Starting at the first line of the data, print every line up to and including the one with "小学校　丹生小学校（小学校）まで450m", but no pictures.

Crawled caption data

----------------

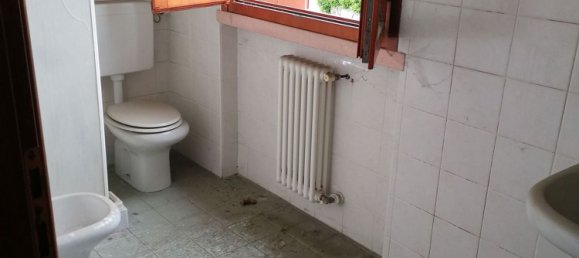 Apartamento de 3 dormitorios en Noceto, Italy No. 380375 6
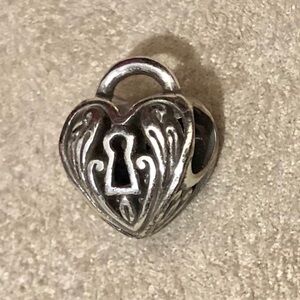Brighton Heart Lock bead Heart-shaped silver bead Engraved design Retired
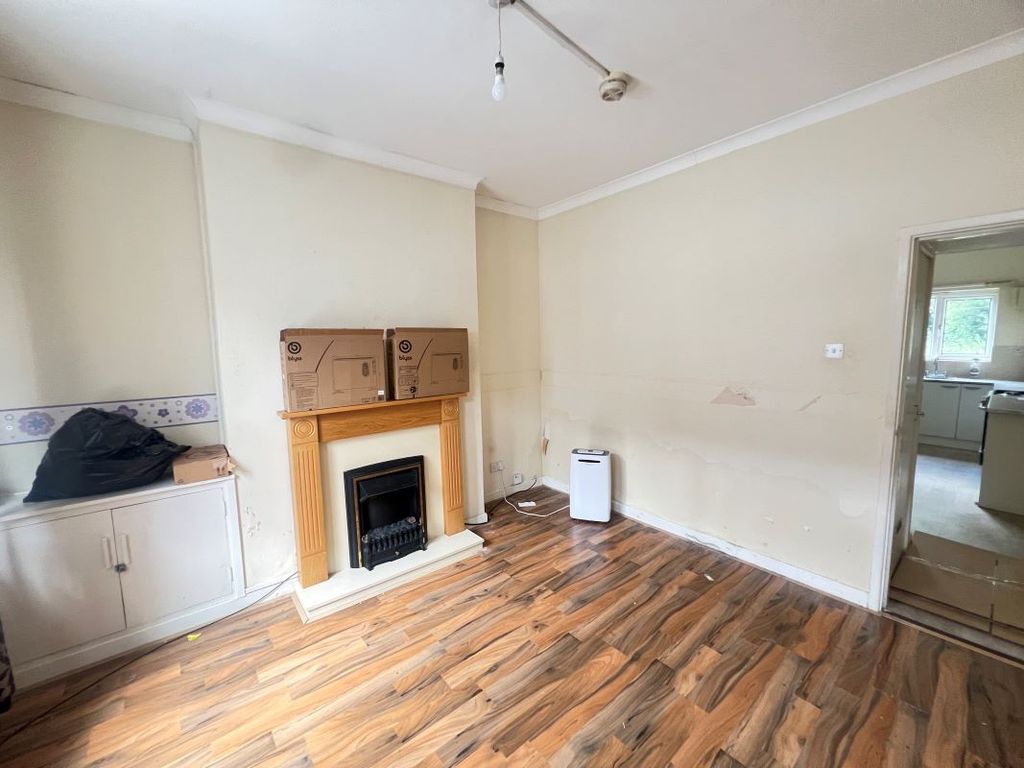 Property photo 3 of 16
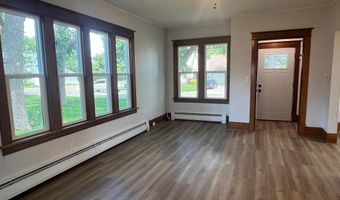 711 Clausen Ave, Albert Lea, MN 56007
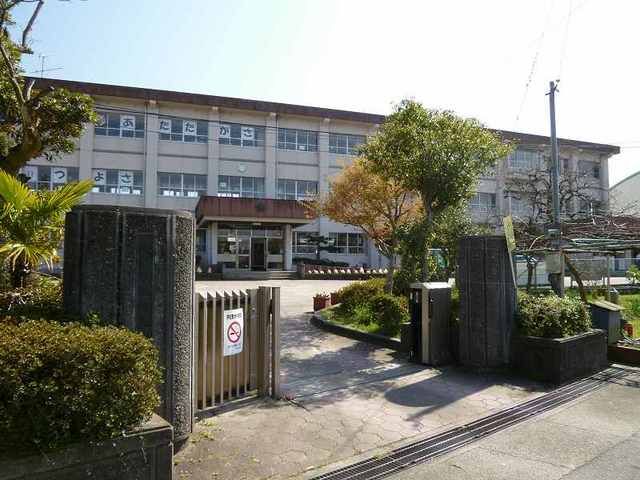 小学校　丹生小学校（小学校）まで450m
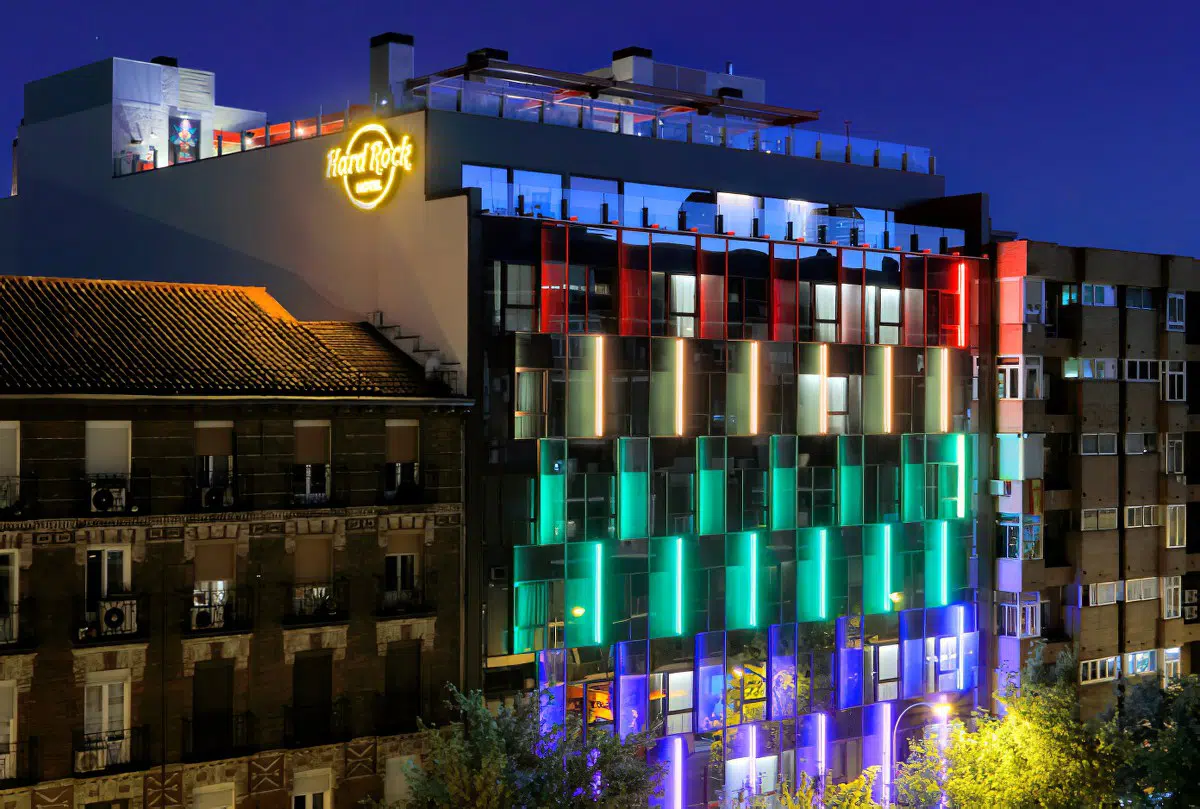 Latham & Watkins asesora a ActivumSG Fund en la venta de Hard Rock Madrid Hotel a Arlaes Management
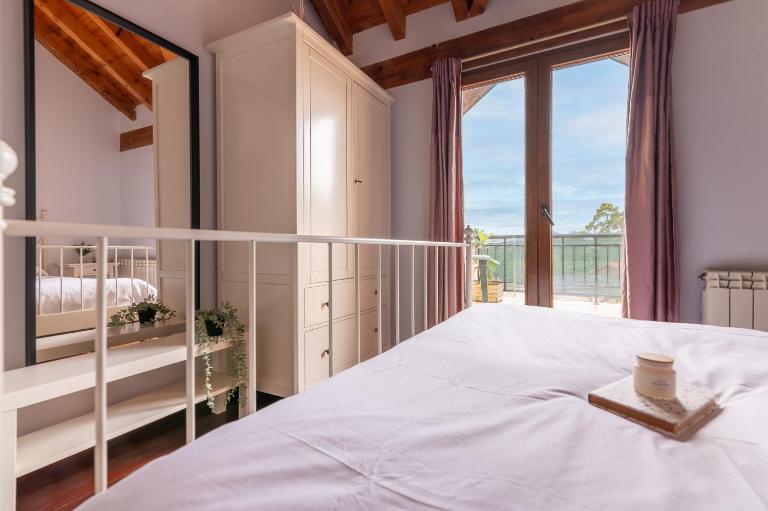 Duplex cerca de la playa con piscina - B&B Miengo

----------------

Result for this exercise
 Apartamento de 3 dormitorios en Noceto, Italy No. 380375 6
Brighton Heart Lock bead Heart-shaped silver bead Engraved design Retired
 Property photo 3 of 16
 711 Clausen Ave, Albert Lea, MN 56007
 小学校　丹生小学校（小学校）まで450m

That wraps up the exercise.